Sudahlah, aku sedang tak ingin mengurai rintih jiwaku diatas keyboard tua yang hampir punah. Menghabiskan tintaku, mengurai setiap kata diatas selembar kertas yang kian usang. Saat pena diangkat dan tulisan kian mengering maka sejarah telah tertoreh dengan nyata disetiap jejak anak manusia.
Lihatlah mentari yang memantulkan cahaya di ujung barat, menyebar dan memantulkan cahayanya secara lokal. Bias!. Bayang jingganya perlahan tenggelam di garis pantai, tampak begitu dekat bukan? Menjingga, perlahan menggelap lalu menghilang. Simbol dunia yang kian tua, simbol keangkuhan jaman yang mulai menelisik menjauh dari norma dan moral anak negeri yang kental dengan budaya ketimuran, budaya yang menjunjung tinggi moral dan keselarasan dengan agama yang di yakini.
Apa lagi ini?! Aku masih saja menjejalkan kaki diatas pasir pantai, menikmati hempasan ombak yang menebarkan aroma basah khas samudra.
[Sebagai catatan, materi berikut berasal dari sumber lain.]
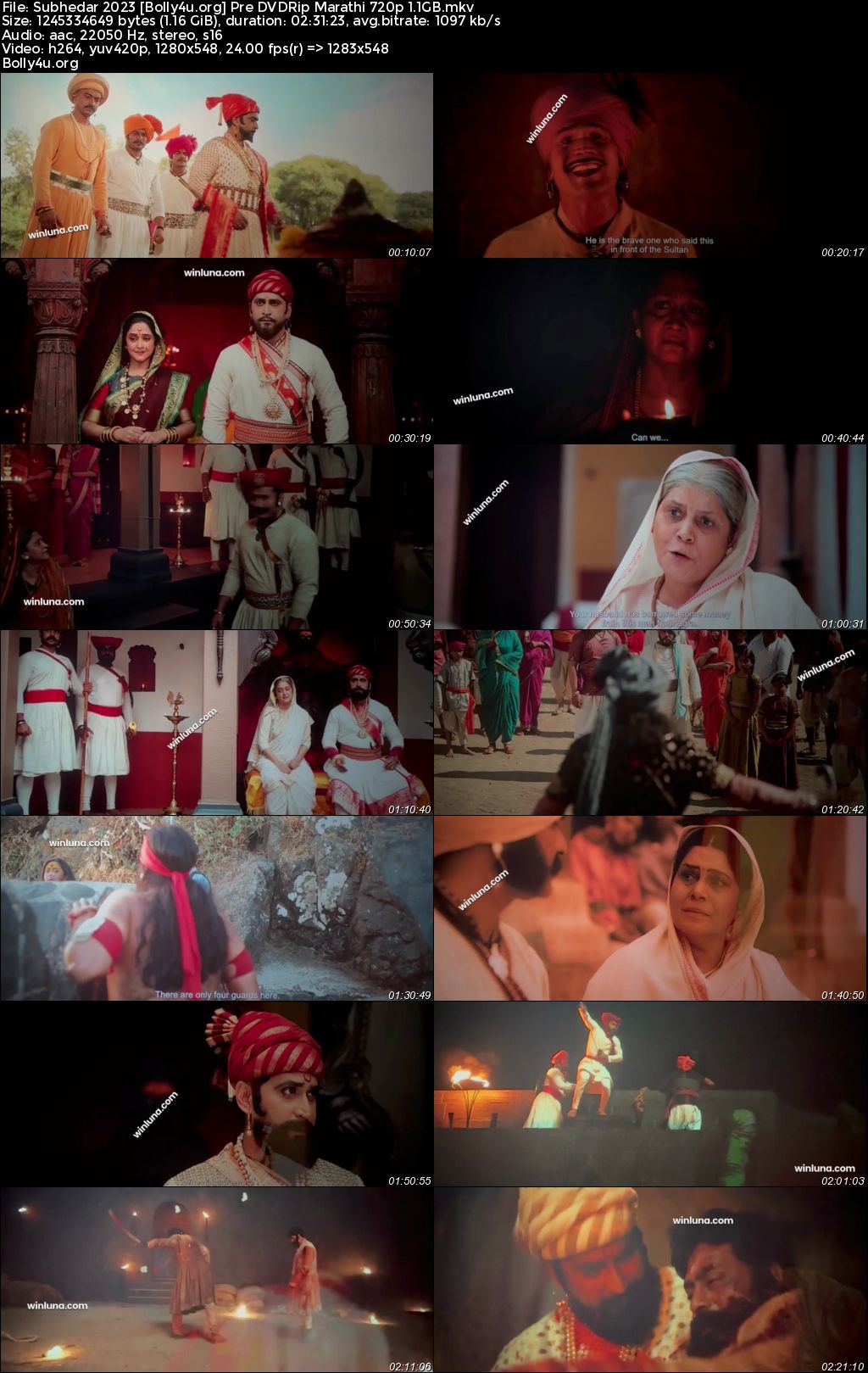 Subhedar 2023 Pre DVDRip Marathi Full Movie Download 720p 480p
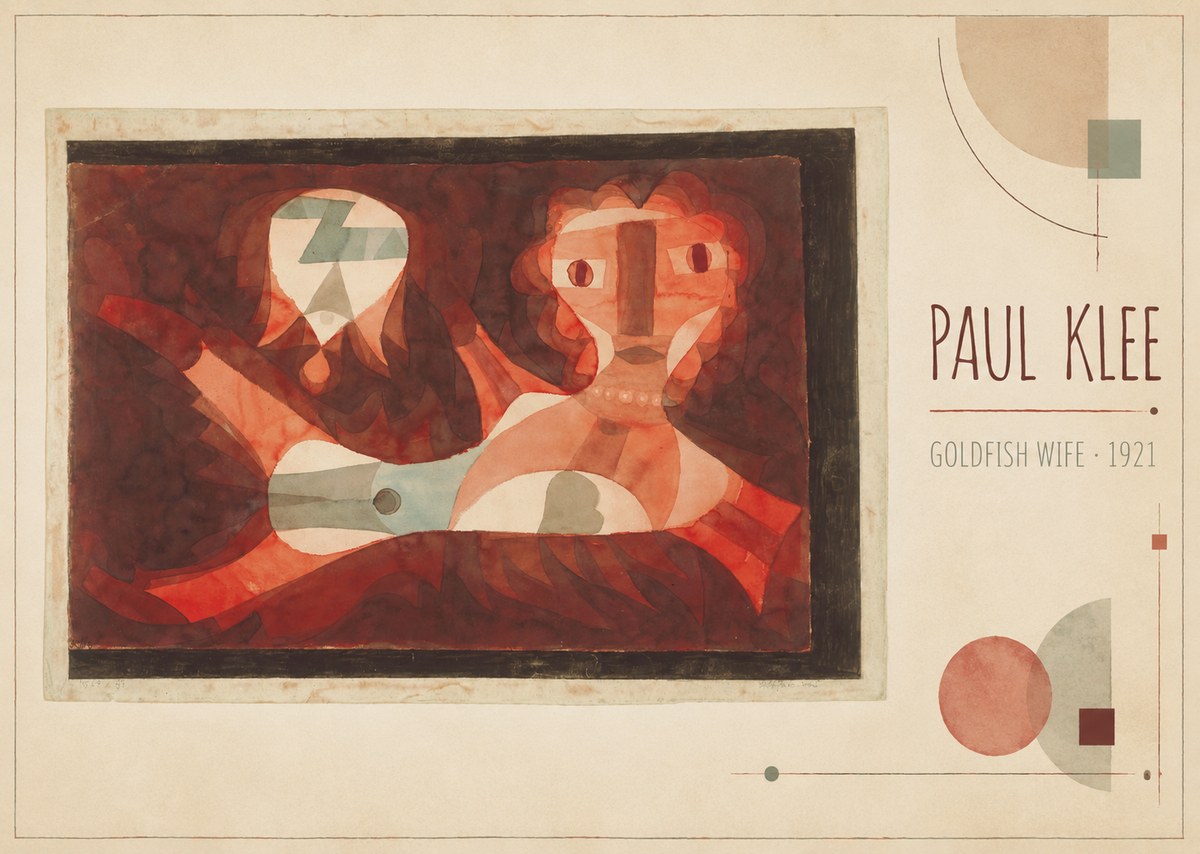 Paul Klee Goldfish Wife No3 - Juliste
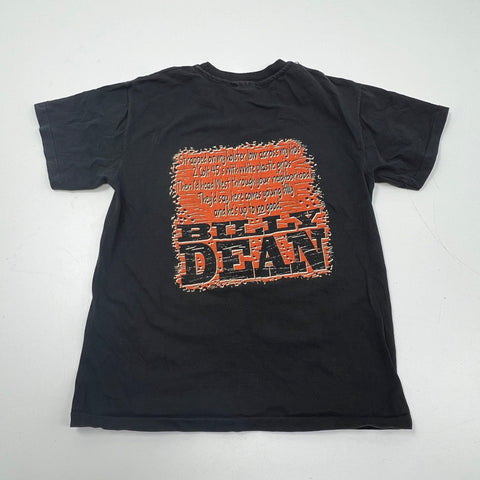 Vintage 1993 Billy Dean Billy the Kid Tour T-Shirt Single Stitch Hanes Sz M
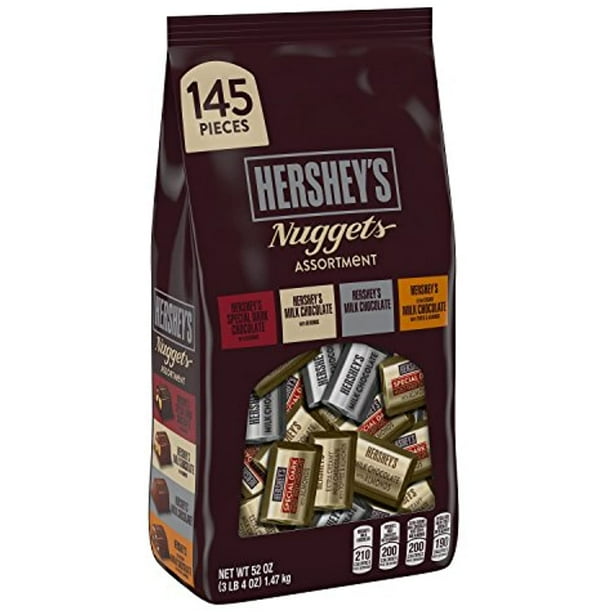 Hersheys Nuggets Assortment, Holiday Chocolate Candy Gift, 52 Ounce Bag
Bulirnya lembut menerpa wajahku.  Memantulkan pesona nusantara yang tak pernah habis dari perbincangan, nusantara yang penuh dengan adat tradisi dan kebudayaan yang masih sangat kental.
Ini tentang perjalanan anak manusia, yang kadang terasingkan dalam dilema sanubarinya sendiri. Di sudut kota tanpa lampu, anak pesisir di pulau terpencil dari sekian ribu pulau kecil lainnya. Ah salam rindu dari sebuah pulau cinta, Pulau Lombok yang mungkin masih dipertanyakan keberadaannya. Seperti waktu itu, saat kaki ini melangkah pertama kali di tanah Kembang.
“NTB itu dimana?”
Pertanyaan itu sontak membuat gejolak dada kian lebih cepat, bayangkan saja jangankan Lombok, NTB pun tak terbayangkan dalam benak mereka.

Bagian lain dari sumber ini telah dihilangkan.